▶ **RECORDS FOR THE EXERCISE**:
......

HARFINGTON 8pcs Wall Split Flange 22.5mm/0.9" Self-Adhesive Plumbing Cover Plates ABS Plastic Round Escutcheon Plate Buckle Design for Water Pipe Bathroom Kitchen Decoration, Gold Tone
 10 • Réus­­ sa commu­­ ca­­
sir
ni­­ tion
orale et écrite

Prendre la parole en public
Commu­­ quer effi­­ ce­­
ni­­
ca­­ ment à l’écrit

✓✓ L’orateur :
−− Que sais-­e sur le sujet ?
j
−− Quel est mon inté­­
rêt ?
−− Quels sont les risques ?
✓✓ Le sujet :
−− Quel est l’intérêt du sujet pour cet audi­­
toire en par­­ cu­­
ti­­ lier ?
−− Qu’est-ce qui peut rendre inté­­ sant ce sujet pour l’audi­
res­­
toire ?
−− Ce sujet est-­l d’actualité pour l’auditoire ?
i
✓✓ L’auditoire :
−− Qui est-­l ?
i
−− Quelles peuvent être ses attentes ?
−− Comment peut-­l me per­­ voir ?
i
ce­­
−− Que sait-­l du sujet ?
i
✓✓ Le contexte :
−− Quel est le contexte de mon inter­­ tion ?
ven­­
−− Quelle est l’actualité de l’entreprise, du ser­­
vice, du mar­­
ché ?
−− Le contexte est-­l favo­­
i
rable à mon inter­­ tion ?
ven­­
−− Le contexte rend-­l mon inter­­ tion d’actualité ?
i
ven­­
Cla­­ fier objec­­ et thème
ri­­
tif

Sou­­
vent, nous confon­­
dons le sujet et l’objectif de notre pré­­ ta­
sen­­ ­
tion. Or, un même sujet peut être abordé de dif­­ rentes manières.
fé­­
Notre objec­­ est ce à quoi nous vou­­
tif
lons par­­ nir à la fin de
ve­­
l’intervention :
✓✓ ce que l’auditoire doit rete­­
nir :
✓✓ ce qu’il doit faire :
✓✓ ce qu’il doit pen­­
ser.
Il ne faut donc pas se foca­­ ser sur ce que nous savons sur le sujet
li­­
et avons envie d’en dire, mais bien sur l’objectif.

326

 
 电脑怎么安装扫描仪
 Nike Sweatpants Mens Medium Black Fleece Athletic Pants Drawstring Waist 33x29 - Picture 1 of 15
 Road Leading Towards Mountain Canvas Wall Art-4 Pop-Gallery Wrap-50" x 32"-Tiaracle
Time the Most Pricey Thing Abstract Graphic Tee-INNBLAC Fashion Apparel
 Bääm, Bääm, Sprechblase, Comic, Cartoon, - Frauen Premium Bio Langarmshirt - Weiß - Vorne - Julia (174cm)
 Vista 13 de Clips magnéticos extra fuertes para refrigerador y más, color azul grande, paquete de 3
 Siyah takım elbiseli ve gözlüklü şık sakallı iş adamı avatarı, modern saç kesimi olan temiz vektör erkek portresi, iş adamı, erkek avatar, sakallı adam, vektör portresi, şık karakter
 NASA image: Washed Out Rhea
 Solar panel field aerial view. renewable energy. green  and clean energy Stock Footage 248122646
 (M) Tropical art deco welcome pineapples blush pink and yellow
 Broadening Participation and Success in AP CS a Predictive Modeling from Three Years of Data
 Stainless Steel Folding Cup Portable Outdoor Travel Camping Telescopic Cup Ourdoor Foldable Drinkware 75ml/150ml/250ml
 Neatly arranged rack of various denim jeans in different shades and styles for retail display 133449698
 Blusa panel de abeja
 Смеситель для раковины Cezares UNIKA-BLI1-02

......

▶ **TASK TO COMPLETE**: Every line above has to be restated word for word.

▶ **TASK OUTPUT**:
HARFINGTON 8pcs Wall Split Flange 22.5mm/0.9" Self-Adhesive Plumbing Cover Plates ABS Plastic Round Escutcheon Plate Buckle Design for Water Pipe Bathroom Kitchen Decoration, Gold Tone
 10 • Réus­­ sa commu­­ ca­­
sir
ni­­ tion
orale et écrite

Prendre la parole en public
Commu­­ quer effi­­ ce­­
ni­­
ca­­ ment à l’écrit

✓✓ L’orateur :
−− Que sais-­e sur le sujet ?
j
−− Quel est mon inté­­
rêt ?
−− Quels sont les risques ?
✓✓ Le sujet :
−− Quel est l’intérêt du sujet pour cet audi­­
toire en par­­ cu­­
ti­­ lier ?
−− Qu’est-ce qui peut rendre inté­­ sant ce sujet pour l’audi­
res­­
toire ?
−− Ce sujet est-­l d’actualité pour l’auditoire ?
i
✓✓ L’auditoire :
−− Qui est-­l ?
i
−− Quelles peuvent être ses attentes ?
−− Comment peut-­l me per­­ voir ?
i
ce­­
−− Que sait-­l du sujet ?
i
✓✓ Le contexte :
−− Quel est le contexte de mon inter­­ tion ?
ven­­
−− Quelle est l’actualité de l’entreprise, du ser­­
vice, du mar­­
ché ?
−− Le contexte est-­l favo­­
i
rable à mon inter­­ tion ?
ven­­
−− Le contexte rend-­l mon inter­­ tion d’actualité ?
i
ven­­
Cla­­ fier objec­­ et thème
ri­­
tif

Sou­­
vent, nous confon­­
dons le sujet et l’objectif de notre pré­­ ta­
sen­­ ­
tion. Or, un même sujet peut être abordé de dif­­ rentes manières.
fé­­
Notre objec­­ est ce à quoi nous vou­­
tif
lons par­­ nir à la fin de
ve­­
l’intervention :
✓✓ ce que l’auditoire doit rete­­
nir :
✓✓ ce qu’il doit faire :
✓✓ ce qu’il doit pen­­
ser.
Il ne faut donc pas se foca­­ ser sur ce que nous savons sur le sujet
li­­
et avons envie d’en dire, mais bien sur l’objectif.

326

 
 电脑怎么安装扫描仪
 Nike Sweatpants Mens Medium Black Fleece Athletic Pants Drawstring Waist 33x29 - Picture 1 of 15
 Road Leading Towards Mountain Canvas Wall Art-4 Pop-Gallery Wrap-50" x 32"-Tiaracle
Time the Most Pricey Thing Abstract Graphic Tee-INNBLAC Fashion Apparel
 Bääm, Bääm, Sprechblase, Comic, Cartoon, - Frauen Premium Bio Langarmshirt - Weiß - Vorne - Julia (174cm)
 Vista 13 de Clips magnéticos extra fuertes para refrigerador y más, color azul grande, paquete de 3
 Siyah takım elbiseli ve gözlüklü şık sakallı iş adamı avatarı, modern saç kesimi olan temiz vektör erkek portresi, iş adamı, erkek avatar, sakallı adam, vektör portresi, şık karakter
 NASA image: Washed Out Rhea
 Solar panel field aerial view. renewable energy. green  and clean energy Stock Footage 248122646
 (M) Tropical art deco welcome pineapples blush pink and yellow
 Broadening Participation and Success in AP CS a Predictive Modeling from Three Years of Data
 Stainless Steel Folding Cup Portable Outdoor Travel Camping Telescopic Cup Ourdoor Foldable Drinkware 75ml/150ml/250ml
 Neatly arranged rack of various denim jeans in different shades and styles for retail display 133449698
 Blusa panel de abeja
 Смеситель для раковины Cezares UNIKA-BLI1-02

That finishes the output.